Nachdem gestern gegen Abend ein Teil des Lattenrosts (14 Tage alt) nachgegeben hatte, wollten wir ein wenig schwedische Servicementalität kennenlernen. Also flugs da angerufen (Rechnung ist nach dem Umräumen natürlich genau für das Teil nicht auffindbar) – alles klar – kommen sie vorbei. Gesagt getan – das Teil schnell abgebaut und ab gings ins Möbelhaus. Dort angekommen darf man sich über ein wenig Arbeitsamtfeeling wundern, da man eine Nummer ziehen muss. Die Wartezeiten versöhnen allerdings.
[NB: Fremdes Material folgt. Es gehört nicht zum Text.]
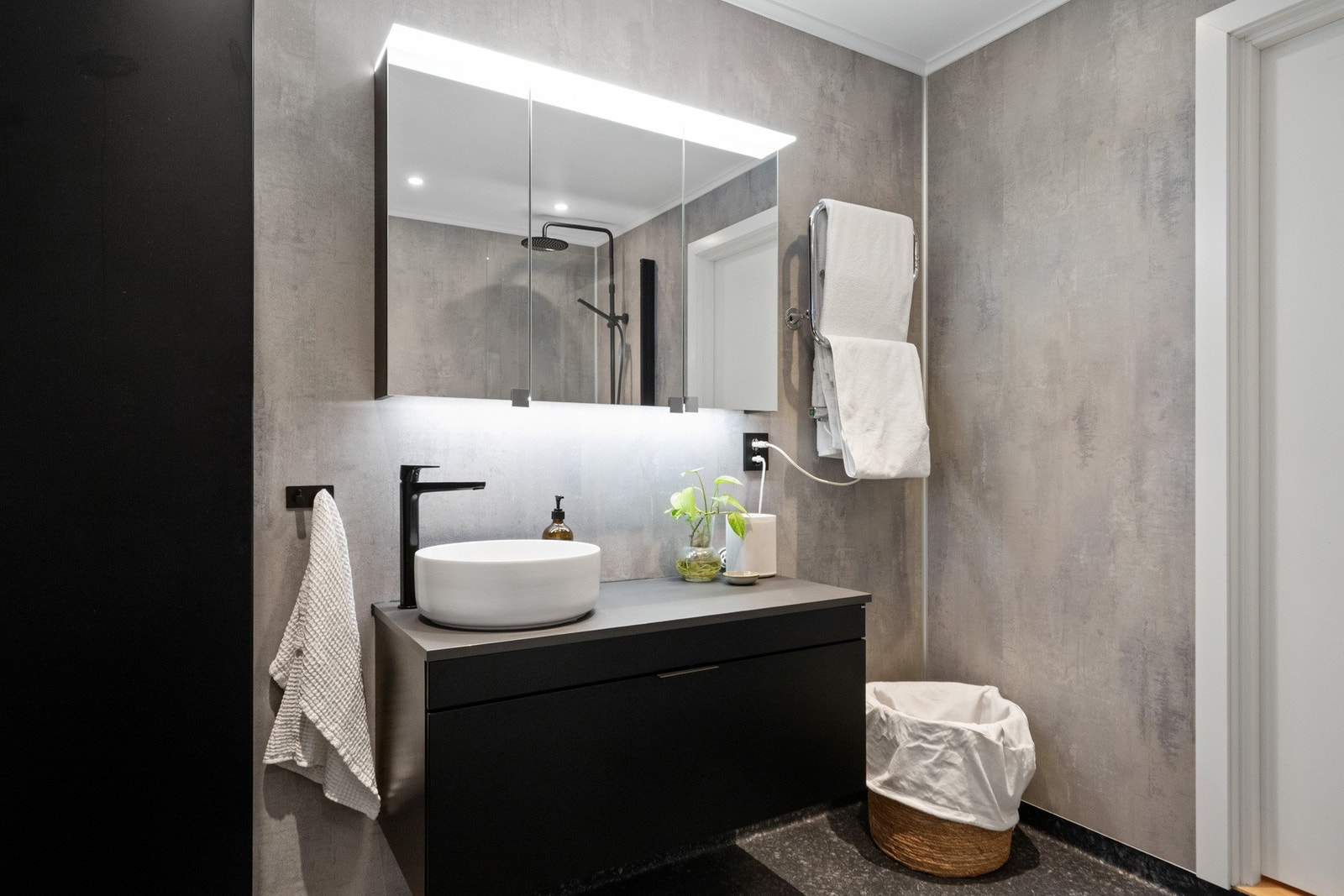 Badet er innredet med servant, badekar med dusj og veggmontert toalett, samt elektrisk styrt ventilasjon. Galleribilde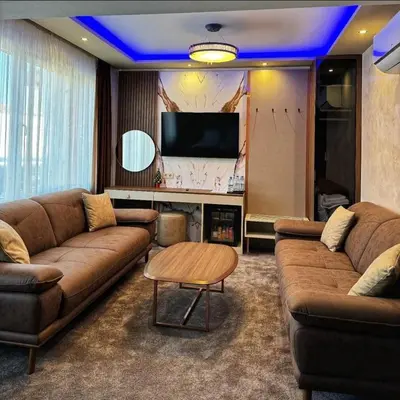 a living room with a couch and a tv at Hotel Diamant in Dospat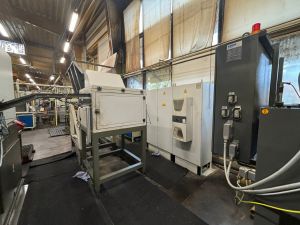 Industrielle Fertigungsanlagen in einer ger&auml;umigen Fabrikhalle mit aktivem Maschinenpark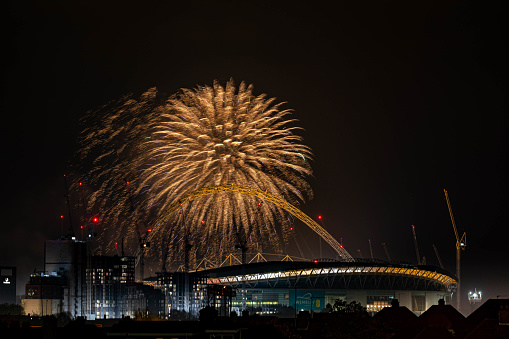 The arch with fireworks nigh in London Borough of Brent, UK.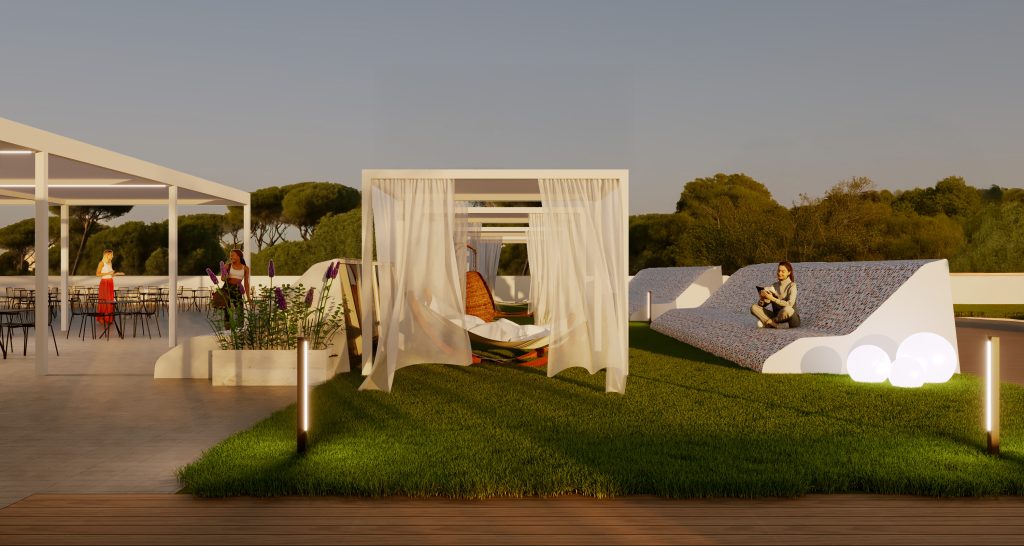 Una terrazza sul tetto con erba verde, moderni lettini con tettoie bianche, una persona seduta su un lettino curvo e tavoli da pranzo all'aperto sullo sfondo al tramonto.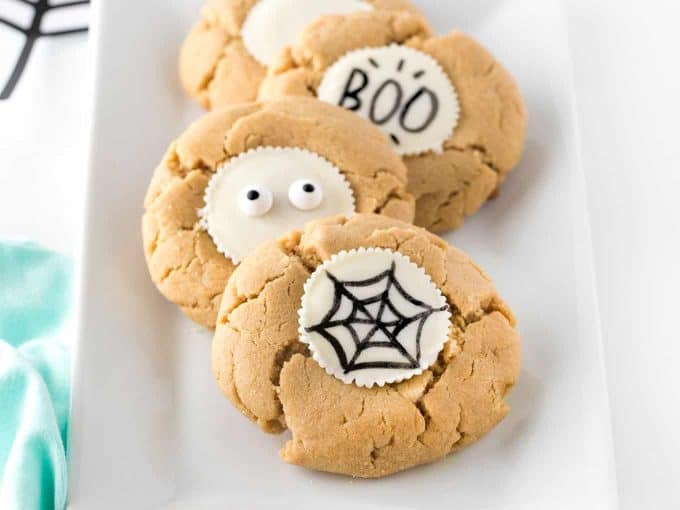 Peanut butter cookies with white chocolate reeses peanut butter cup, drawn on with black food marker. Spider web, eyeballs, and BOO.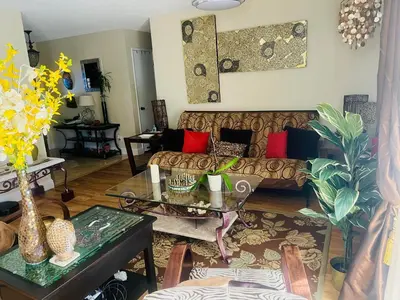 a living room with a couch and a table at Casa Pura Vida in Modesto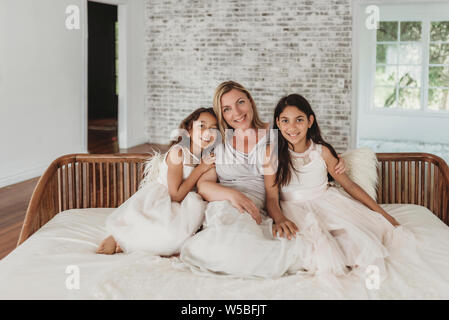 Mutter und Töchter sitzen auf der Couch in natürlichen - Light Studio. Stockfoto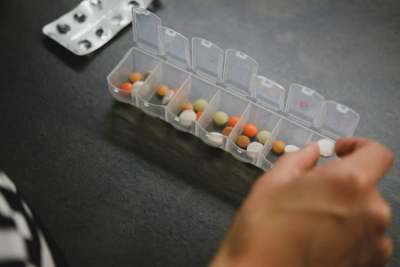 7-day pill box with tablets inside each section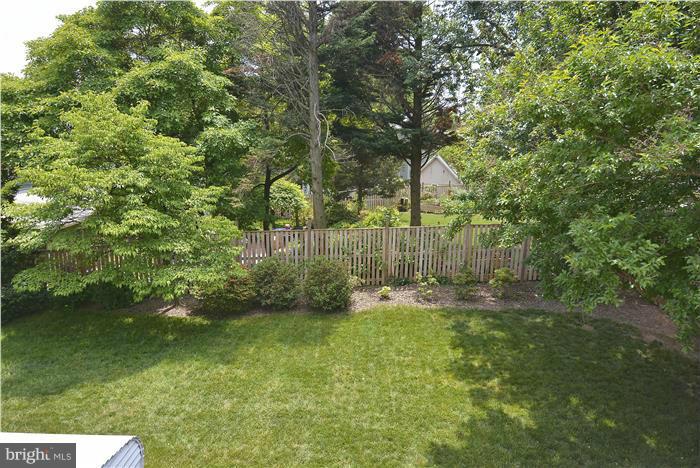 1900 Rookwood Road Silver Spring, MD 20910 - Photo 24 of 30 a backyard of a house with lots of plants and large tree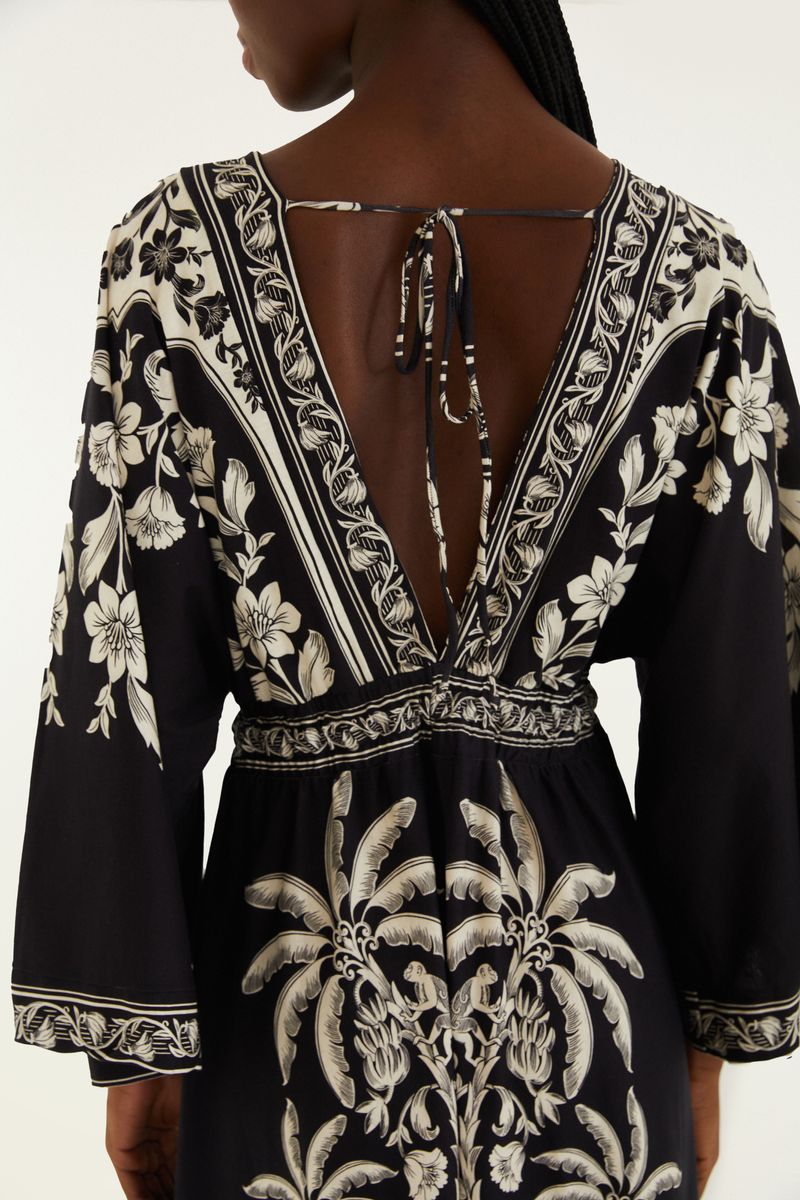 Detalle de la espalda del vestido midi negro con estampado floral blanco, mostrando el escote profundo y la amarra.
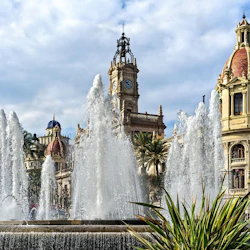 Fontän med höga vattenstrålar framför utsmyckade historiska byggnader under en molnig himmel.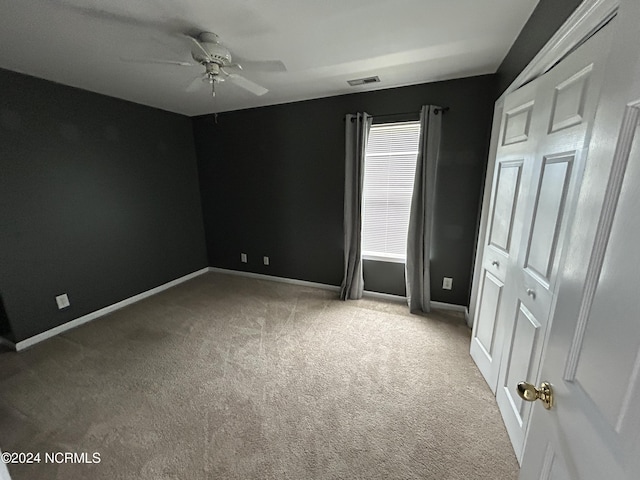 carpeted spare room with a ceiling fan, visible vents, and baseboards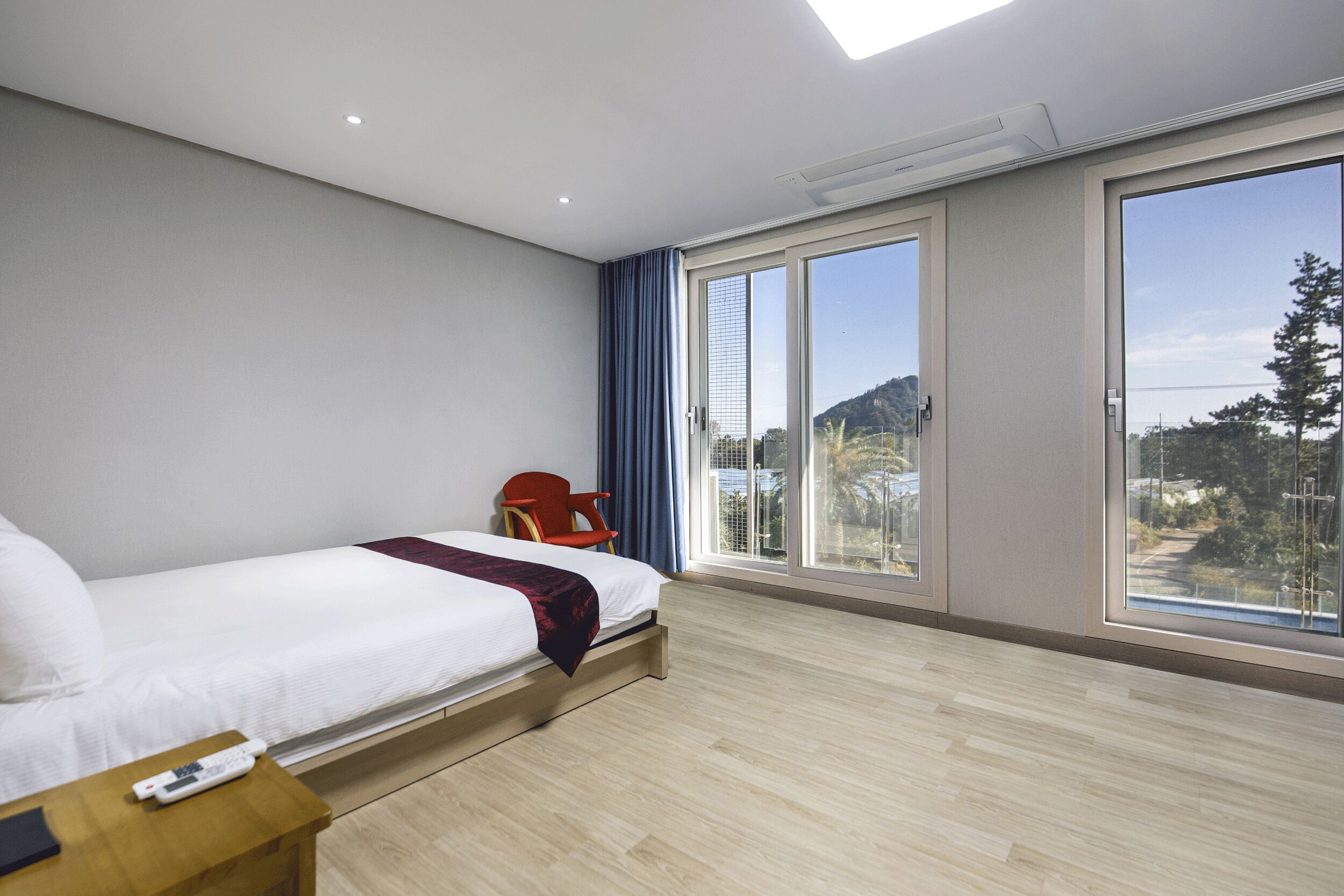 A modern hotel room with a bed, a chair, a nightstand, and large windows offering a view of the outdoors.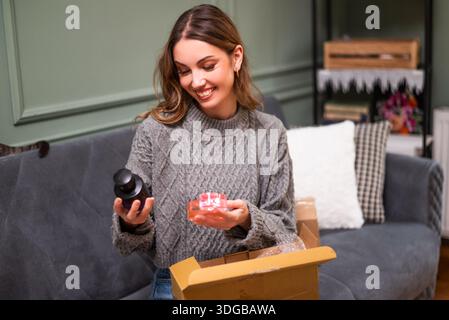 Eine fröhliche Frau, die sich Parfüms ansah, die sie online kaufte und im Paket geliefert wurde. Stockfoto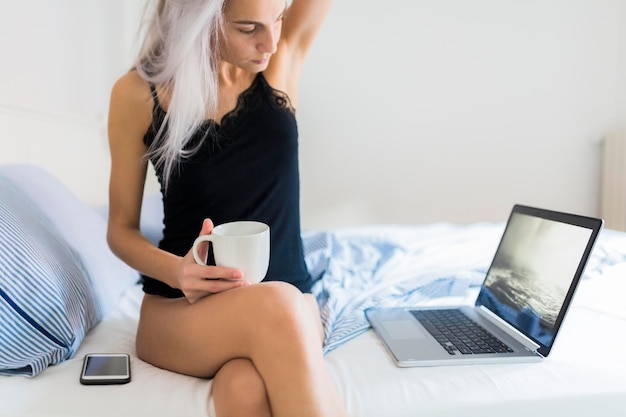 mujer joven, en cama, con, taza de café, y, computador portatil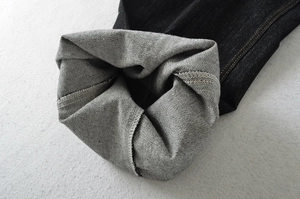 Dettaglio delle cuciture a contrasto e della trama twill su un orlo denim largo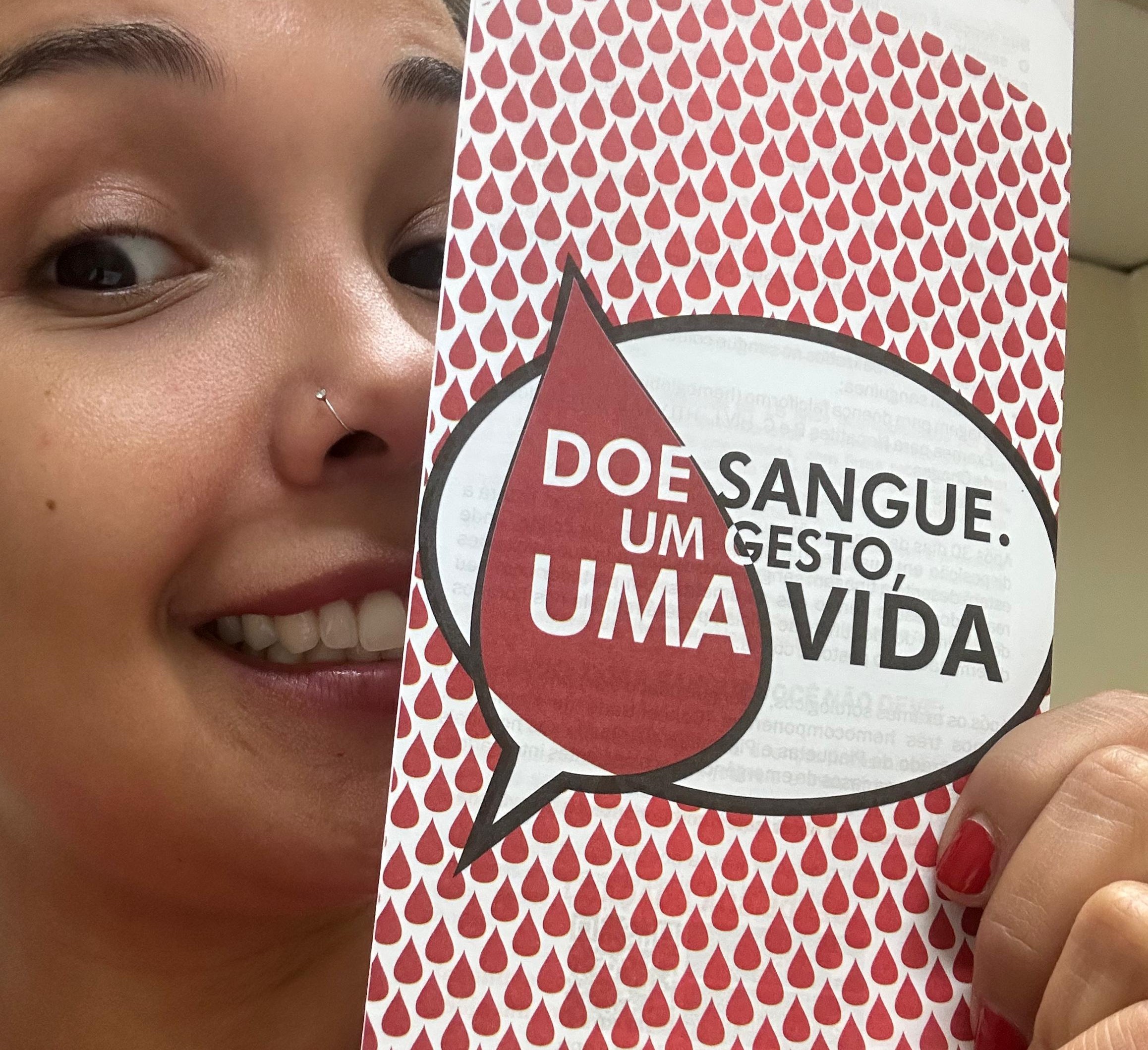 A imagem mostra uma mulher sorridente segurando um panfleto sobre doação de sangue. O panfleto tem um fundo repleto de gotas vermelhas, simbolizando sangue, e uma grande gota com um balão de fala contendo a mensagem: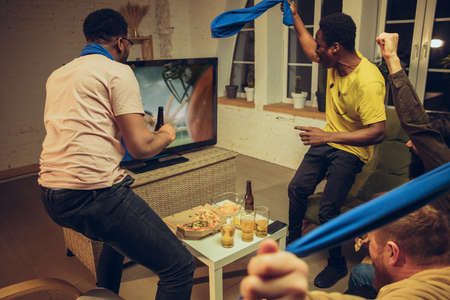 Group of friends watching TV, sport match together. Emotional fans cheering for favourite team,...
Nach ca. fünf Minuten wurde die Nummer angezeigt und das Problem konnte vorgetragen werden. “Zum Samstag müssen Sie sich schon ein wenig gedulden” bekamen wir zu hören – “kommen Sie bitte in einer halben Stunde wieder”. Klingt erstmal nach einer Vertröstungstaktik – umso größer war das Erstaunen darüber, dass das Problem mit der Rechnung geklärt und das Teil abgebaut war – der Mitarbeiter fragte noch freundlich nach, ob wir die Schrauben bräuchten – schon war die Aktion erledigt.

Ich kann nichts schlechtes über den Schweden berichten, kaputt gehen kann überall mal was – die Lösung war schnell und unkompliziert.